About this exercise = Output the whole listing below exactly, omitting the images.

Given information =

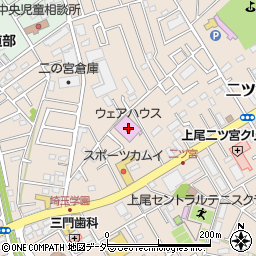 埼玉県上尾市二ツ宮1044周辺の地図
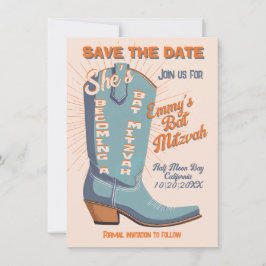 Convite Bat Mitzvah, Bold Colorful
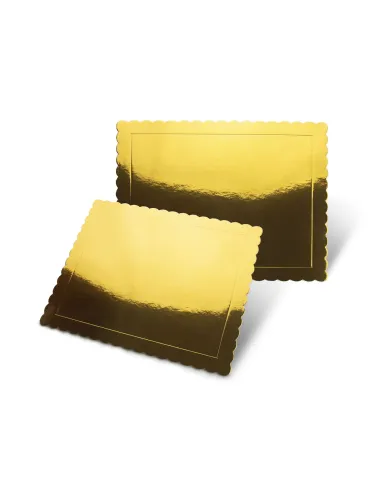 Base rectangular rígida dorada 40 x 30 cm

Result =
 埼玉県上尾市二ツ宮1044周辺の地図
 Convite Bat Mitzvah, Bold Colorful
 Base rectangular rígida dorada 40 x 30 cm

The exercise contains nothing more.